* [PROVIDED DATA]:
=-=-=-=-=

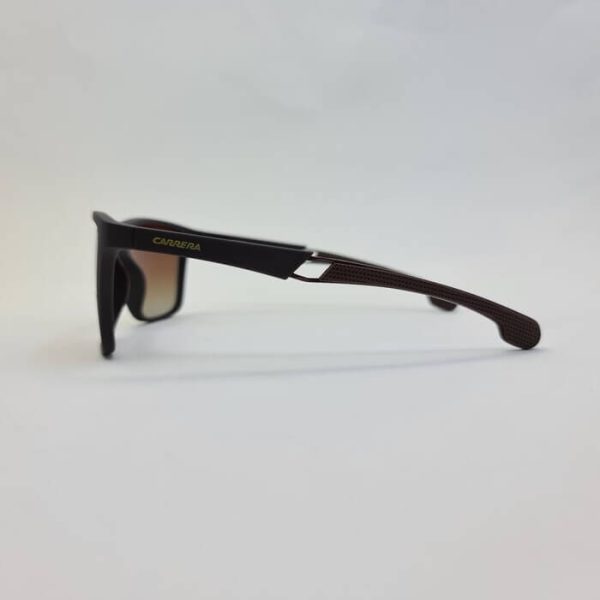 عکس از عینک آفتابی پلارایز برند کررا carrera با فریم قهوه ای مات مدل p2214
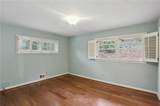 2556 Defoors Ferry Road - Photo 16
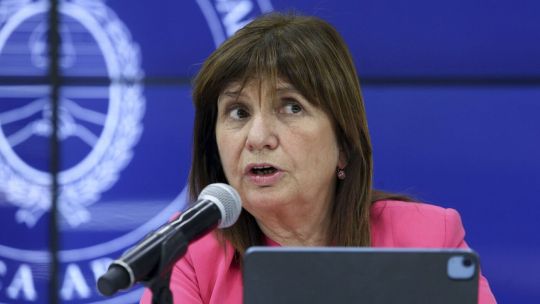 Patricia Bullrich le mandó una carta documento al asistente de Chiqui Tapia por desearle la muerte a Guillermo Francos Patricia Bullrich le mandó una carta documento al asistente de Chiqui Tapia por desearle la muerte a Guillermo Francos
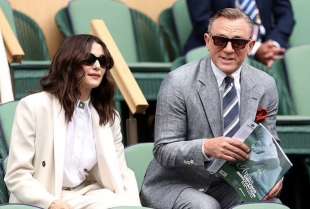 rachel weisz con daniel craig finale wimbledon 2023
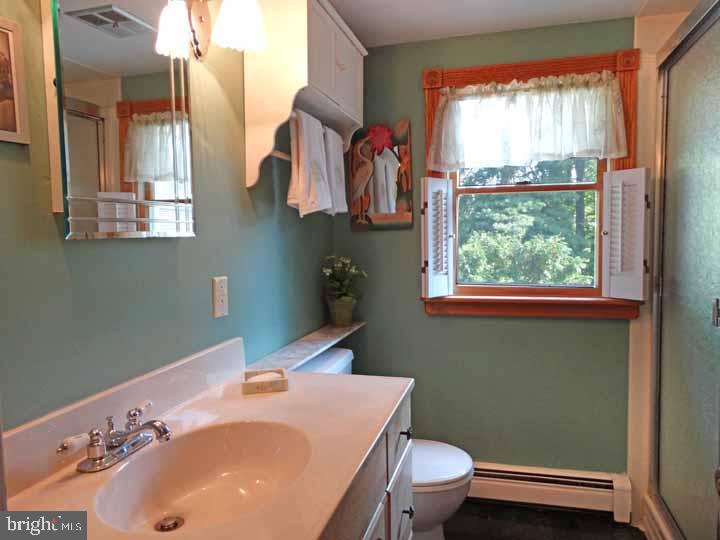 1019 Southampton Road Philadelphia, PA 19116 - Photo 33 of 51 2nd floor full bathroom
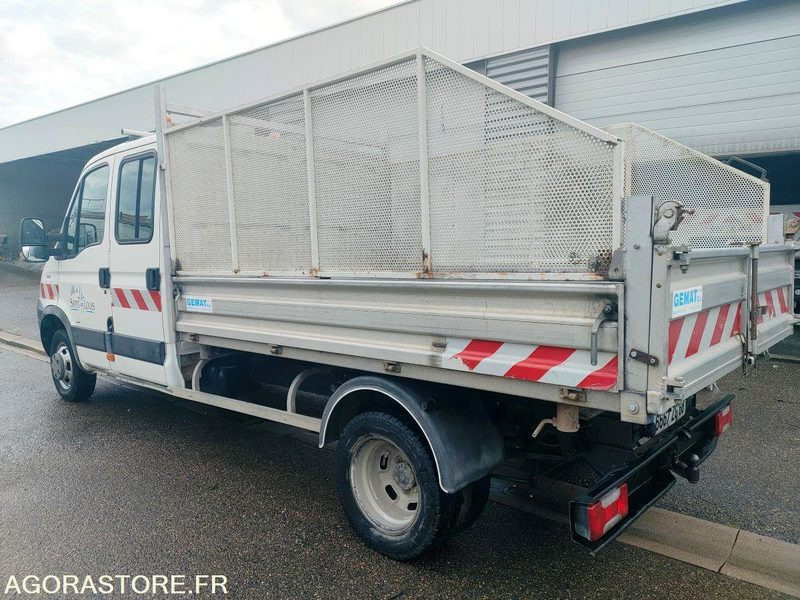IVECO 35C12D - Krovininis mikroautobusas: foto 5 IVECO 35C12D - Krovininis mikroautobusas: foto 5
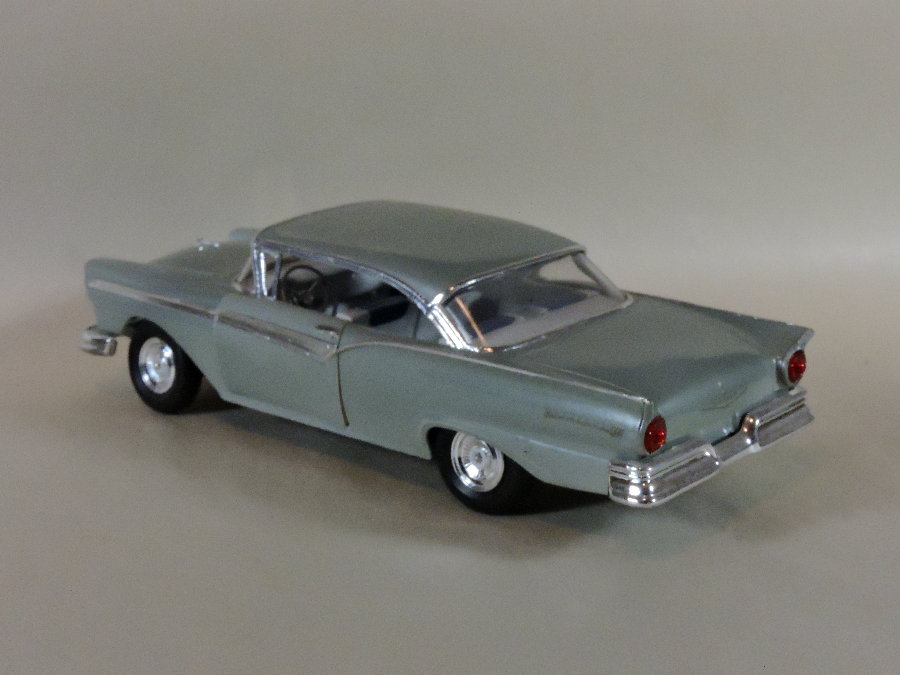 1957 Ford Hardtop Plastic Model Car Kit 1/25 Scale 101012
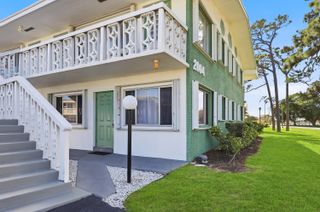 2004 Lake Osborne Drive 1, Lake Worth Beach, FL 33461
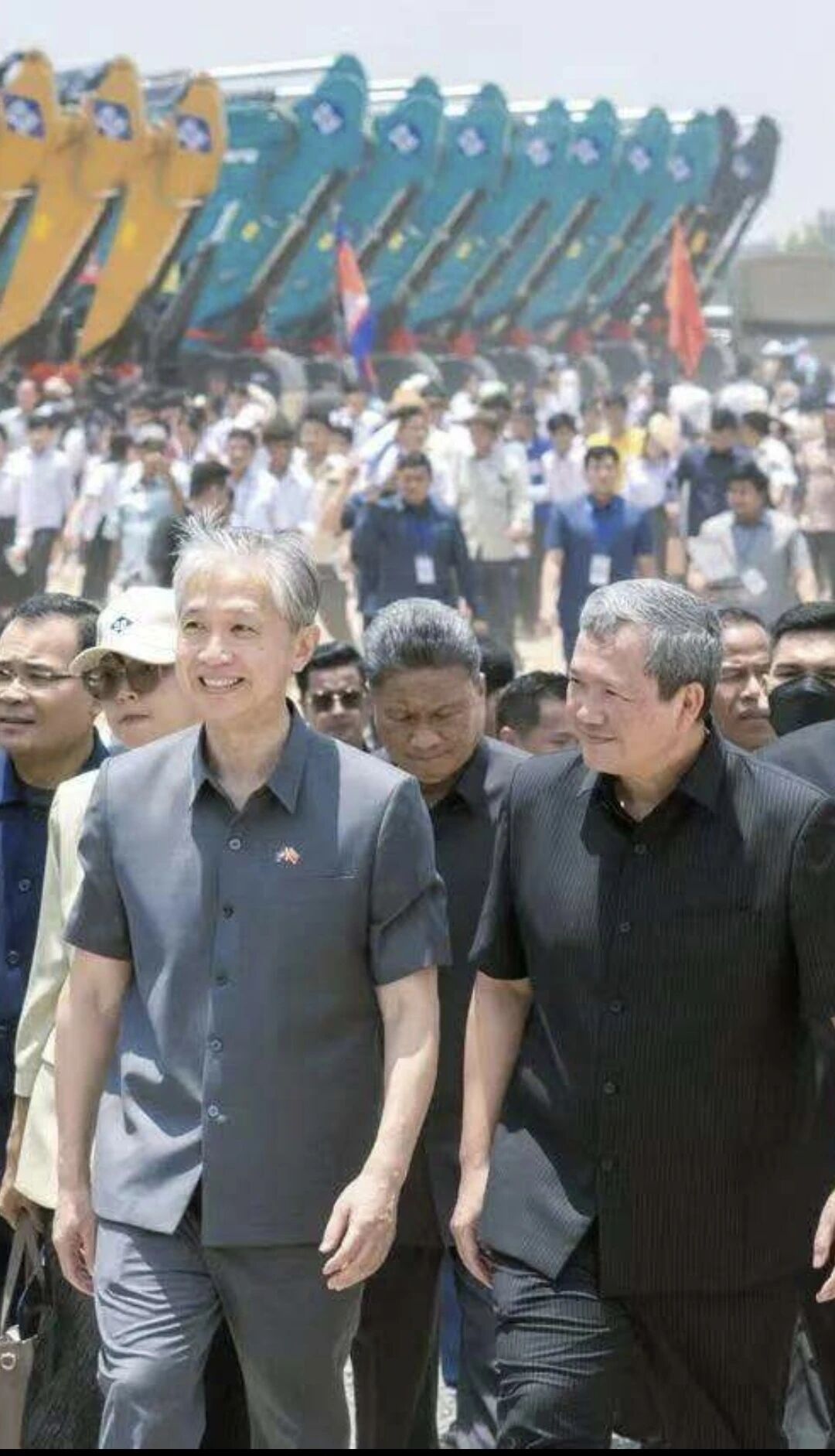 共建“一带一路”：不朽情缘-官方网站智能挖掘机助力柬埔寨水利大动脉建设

=-=-=-=-=

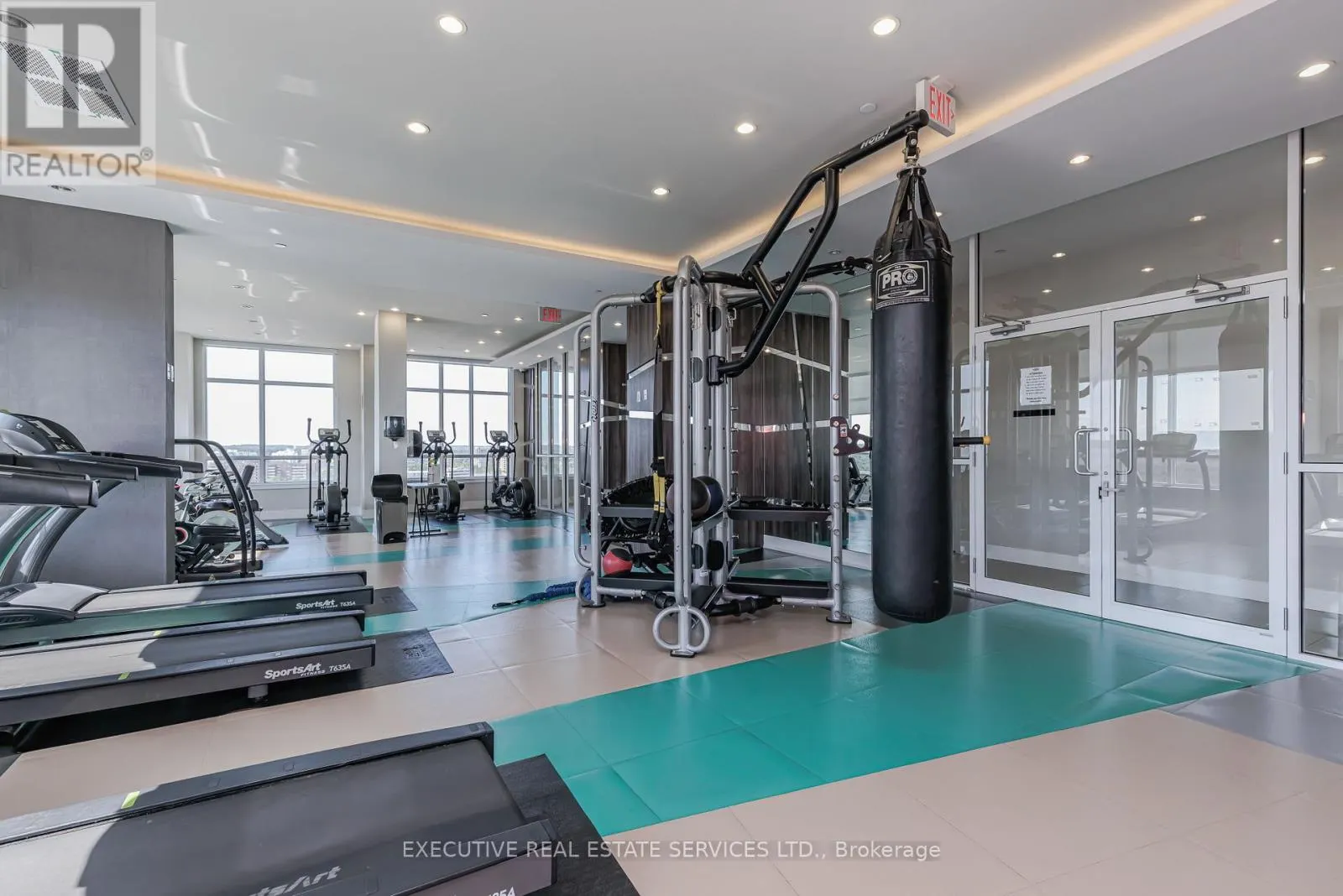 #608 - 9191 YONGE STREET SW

=-=-=-=-=

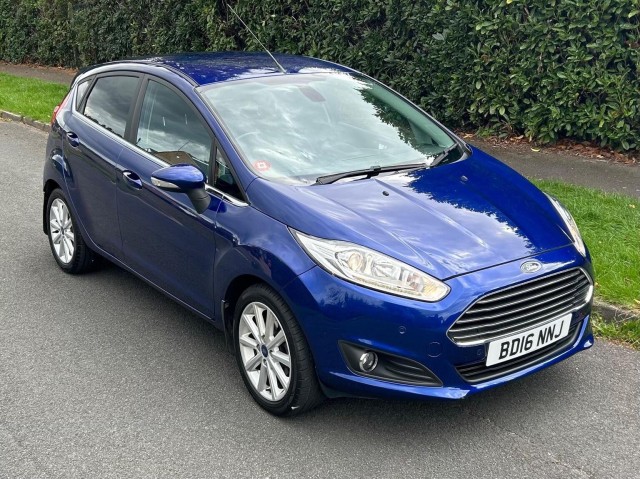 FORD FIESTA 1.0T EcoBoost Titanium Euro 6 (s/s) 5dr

=-=-=-=-=

* [WHAT THE TASK REQUIRES]: Everything above from the line containing "عکس از عینک" down to the line containing "2556 Defoors Ferry Road - Photo 16" is to be duplicated exactly, both lines included, and the pictures are to be omitted.

* [OUTPUT OF THE EXERCISE]:
 عکس از عینک آفتابی پلارایز برند کررا carrera با فریم قهوه ای مات مدل p2214
 2556 Defoors Ferry Road - Photo 16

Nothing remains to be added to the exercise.